Upon reading the Petition of Andrew Hudlestone Esquire; shewing, “That William Munsey, and Fifty-three others, as Tenants within the Vill of Matterdale, in the Barony of Grastocke, in the County of Cumberland, in Mich’mas Terme, 36°Car. IIdi, exhibited their English Bill in the Court of Exchequer against your Petitioner, as Lord of the Manor of Hutton John, complaining, that at a Hearing, 1° Julii 1686, it was by that Court referred to a Trial at Law, whether all or any of the said Tenants of Matterdale have or ought to have Common of Pasture in the said Moors, or any Part thereof; and also of the Judgement given upon that Issue, which he conceives to be erroneous,” as in the Petition is set forth:

It is thereupon ORDERED, by the Lords Spiritual and Temporal in Parliament assembled, That the said William Munsey, and the Fifty-three other Tenants before-mentioned, may have a Copy or Copies of the said Petition; and be, and are hereby, required to put in their Answer or respective Answers thereunto, in Writing, on Thursday the 17th Day of this Instant April, at Ten of the Clock in the Forenoon; whereof the Petitioner is to cause timely Notice to be given to the Defendants, to the End they answer accordingly.

This was a tight deadline for the farmers and their counsel asked for an extension, which the Lords granted on the 15th of April:

The House being this Day moved, “That William Munsey and the Inhabitants of Materdale in Cumberland may have a longer Time to answer to the Petition and Appeal of Andrew Hudleston, they being at a great Distance from London:”

It is thereupon ORDERED, That the said William Munsey and others the Inhabitants aforesaid have hereby Time given them for answering thereunto, until Thursday the First Day of May next, at Ten of the Clock in the Forenoon.
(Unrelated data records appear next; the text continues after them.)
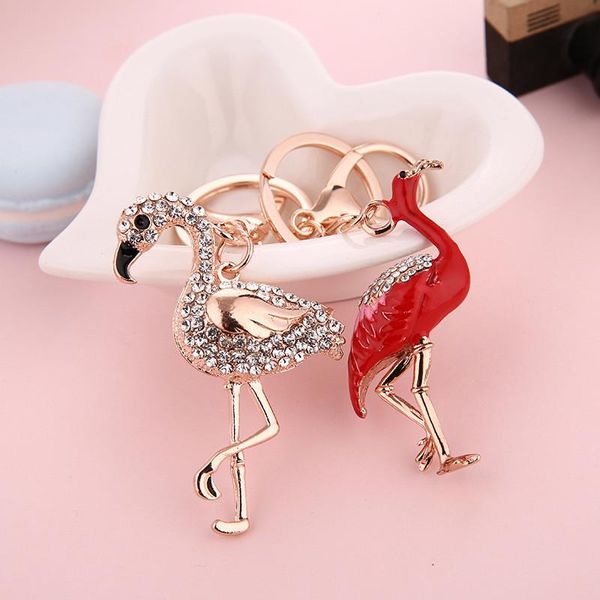keychains 2021 fashion crystal lovely flamingo shape keychain for women's bags pendants decoration animal car keyrings accessories jewe, Silver
keychains 2021 fashion crystal lovely flamingo shape keychain for women's bags pendants decoration animal car keyrings accessories jewe, Silver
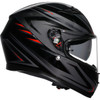 AGV #2118381004-021-XXL - K3 Helmet - Syth - Black/Red - 2XL
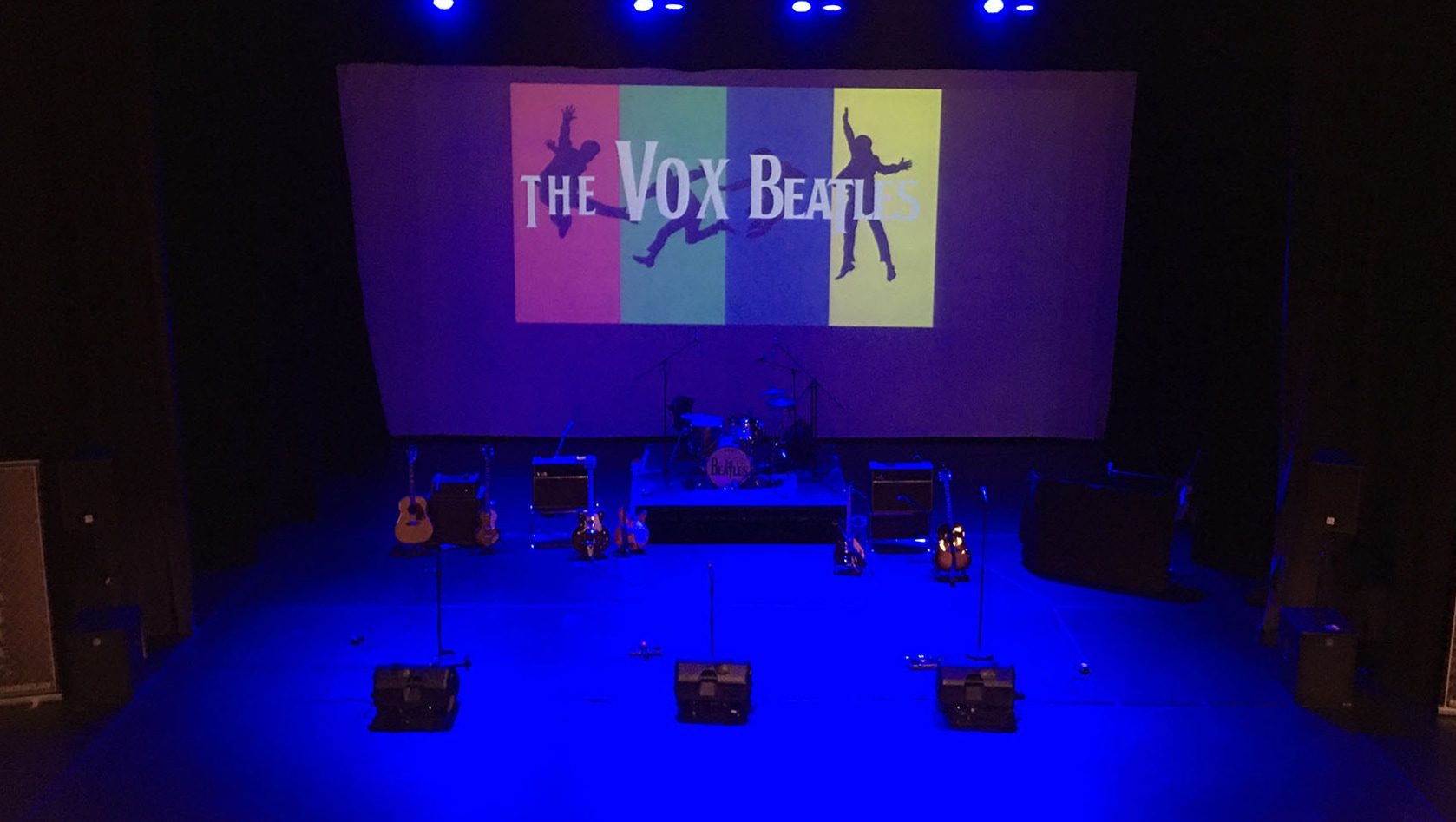 Zero 88 Tacchi Morris Arts Centre Vox Beatles Pre Show Slim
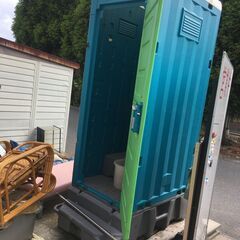 中古　現場用　仮設便所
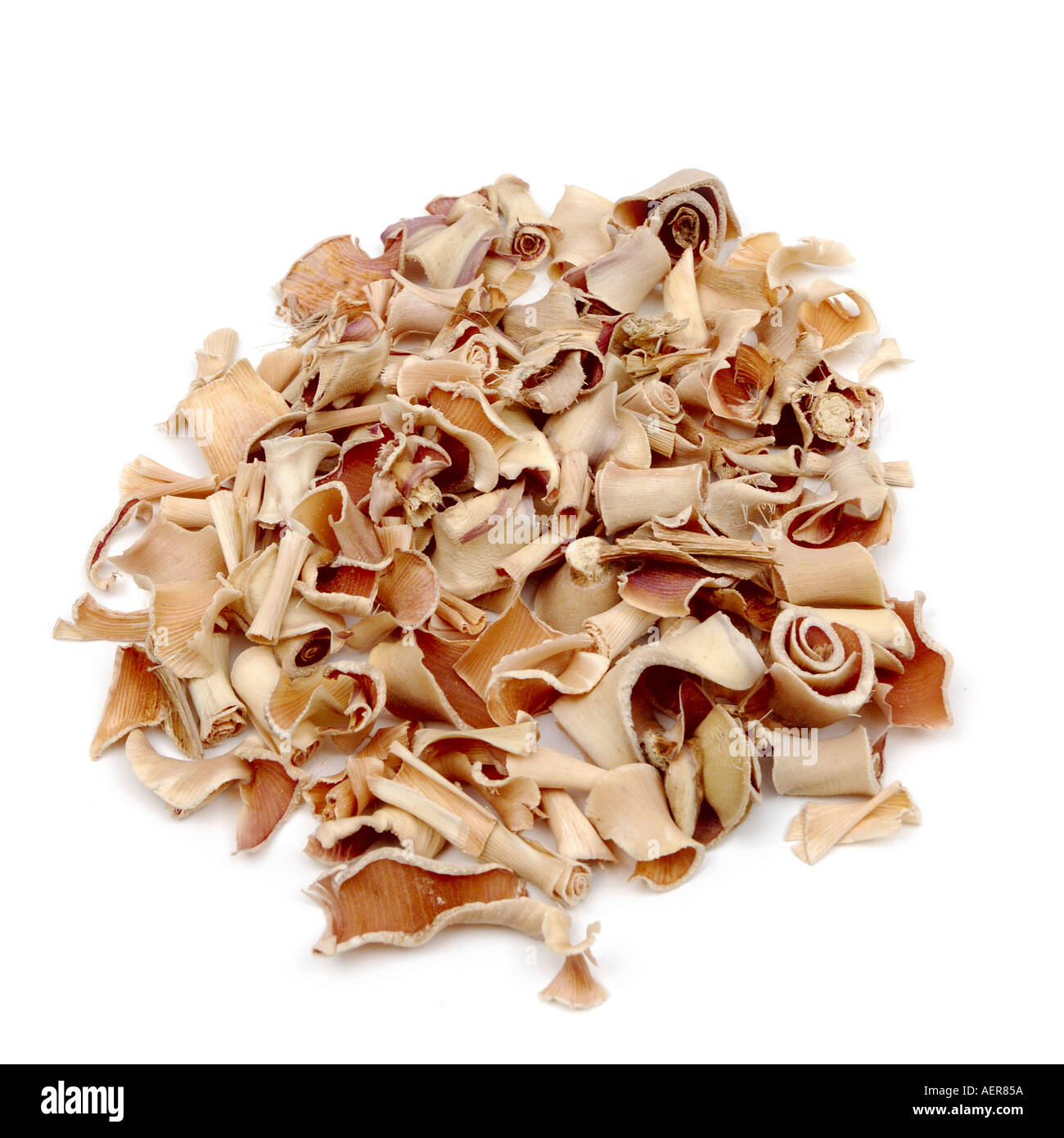 Piccolo mucchio di essiccato di citronella Foto Stock
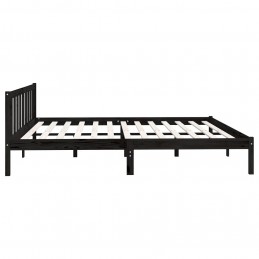 Acquista Giroletto Nero in Legno Massello di Pino 200x200 cm con riferimento GHV-810106 della ditta GARDENHOME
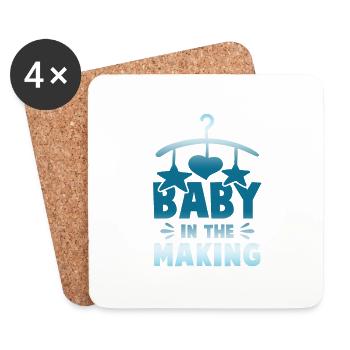 baby cute - Coasters (set of 4) - white - Front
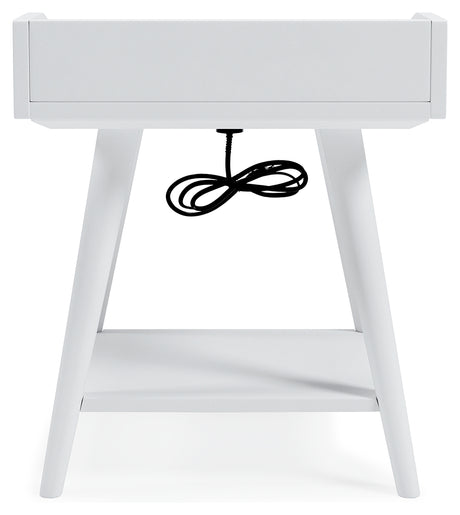 Blariden White Accent Table from Ashley - Luna Furniture
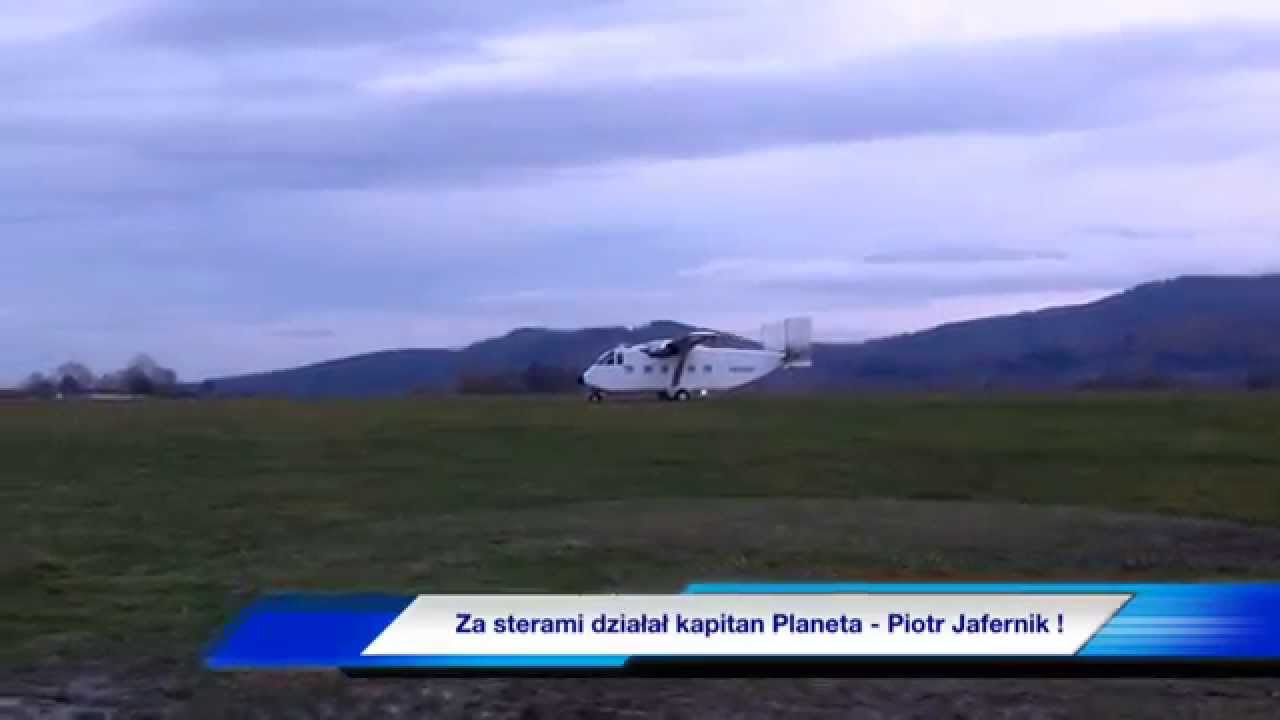 Orzeł z Alaski wylądował Skyvanem w Bielsku-Białej. 06.11.2014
The Matterdale farmers gave their answer on the 30th April 1690. They stated yet again that they held they held customary tenements in “the Barony of Greystoke in the County of Cumberland” and that these tenements were “descendible from ancestor to heire according to the custom of the said Barony under diverse rents and services”. In addition they:

Became duly intituled under the right and tithe of the then Duke of Norfolk Lord and owner of the said Barony or otherwise to have common of pasture for all their goates, sheep and cattle levant and couchant on the said customary tenements yearly and at all times of the year in and upon certain Moores or Wast grounds called Hutton Moor, Westermellfell and Redmire or some of them in the parish of Graystoke  as to their customary tenements belonging and which they and their Ancestors and predecessors, tenants of the said customary tenements, had from tyme out of mind enjoyed and ought to enjoy and being molested therein unjustly by the now Appellant who claymes to be Lord of the Manor of Hutton John and that the said Moores and Wastes lye within that Manor and pretended that the now Respondents had no right of common there.

The farmers then described how they had wanted to assert and establish their right of common and had thus presented their ‘English Bill’ to the Court of Exchequer and how their case had been sent for trial at the Carlisle assizes, in the Court of Common Pleas, the question being:

Whether all or any of the customary tenants of the late Henry Duke of Norfolk in Matterdale … have (from) tyme out of mind had and ought to have common of pasture on the waste grounds called Hutton Moor, Westermell Fell and Redmire in any part thereof and at all tymes of the year..

They stated that “upon a long and full evidence and examination on both sides the Jury gave a verdict that all the said customary tenants had common of pasture for their said cattle”, and that this decision had been so recorded in the Postea. They went on to explain how the case “came again to be heard in the Exchequer Chambor” (the appeal court), how the judges had once again examined witnesses, read the Postea and heard counsel for both parties. The judges had also examined the original trial judge, the now ‘Sir’ Tomas Powell, and had “decreed that all respondents had right of common… and that they should enjoy the same without the least disturbance or interruption of the now Appellant (Huddleston) and that “an injunction was awarded for quiet enjoyment and restraining of the Appellant”.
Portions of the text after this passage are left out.